Work item => Go to the line below that has "34 mm, acciaio", print it and each line after it exactly, and stop after the line that has "Könyv Kihívások és"; leave out pictures.

Pictures with short captions =>
──────────

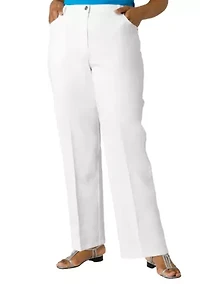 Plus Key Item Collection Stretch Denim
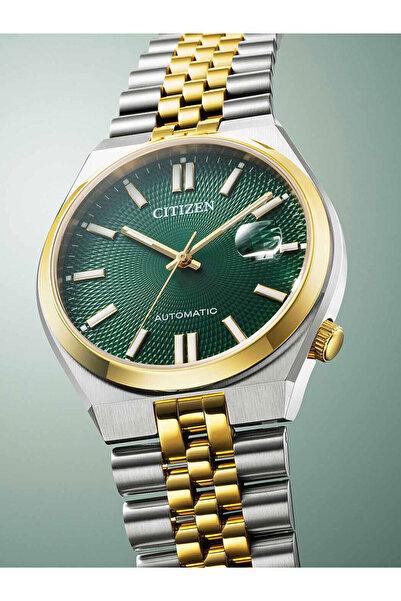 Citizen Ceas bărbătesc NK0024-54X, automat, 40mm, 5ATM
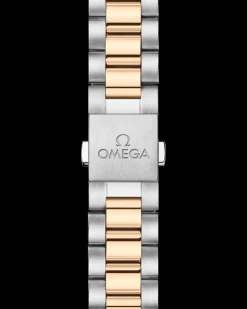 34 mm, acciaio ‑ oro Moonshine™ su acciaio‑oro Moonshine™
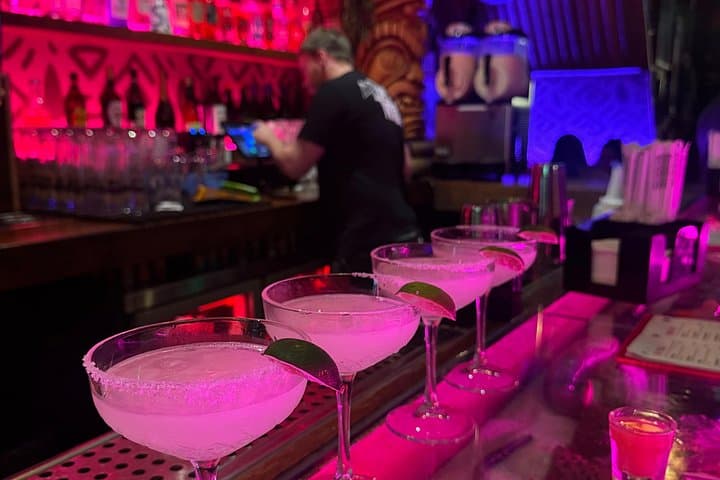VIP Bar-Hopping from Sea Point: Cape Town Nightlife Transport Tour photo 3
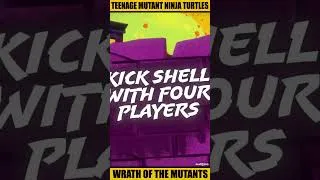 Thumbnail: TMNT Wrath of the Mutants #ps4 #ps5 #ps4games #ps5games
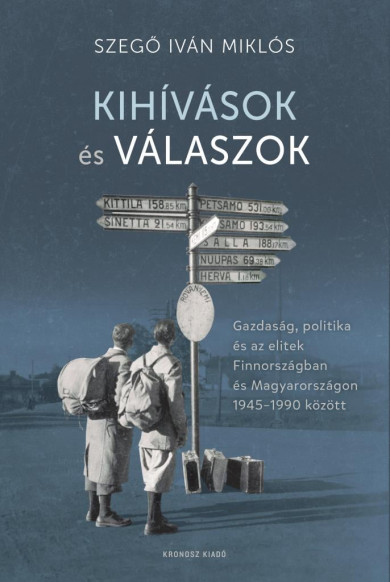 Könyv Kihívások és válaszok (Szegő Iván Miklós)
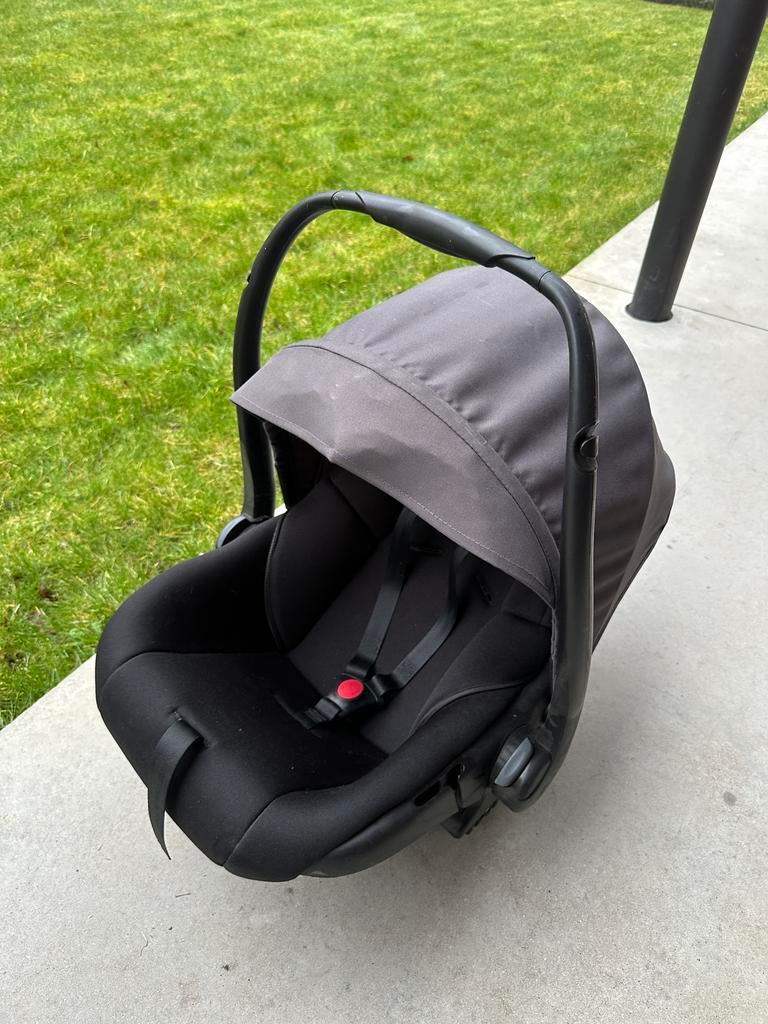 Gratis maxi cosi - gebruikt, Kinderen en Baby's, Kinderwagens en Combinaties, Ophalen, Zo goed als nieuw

──────────

Answer to this task =>
 34 mm, acciaio ‑ oro Moonshine™ su acciaio‑oro Moonshine™
VIP Bar-Hopping from Sea Point: Cape Town Nightlife Transport Tour photo 3
 Thumbnail: TMNT Wrath of the Mutants #ps4 #ps5 #ps4games #ps5games
 Könyv Kihívások és válaszok (Szegő Iván Miklós)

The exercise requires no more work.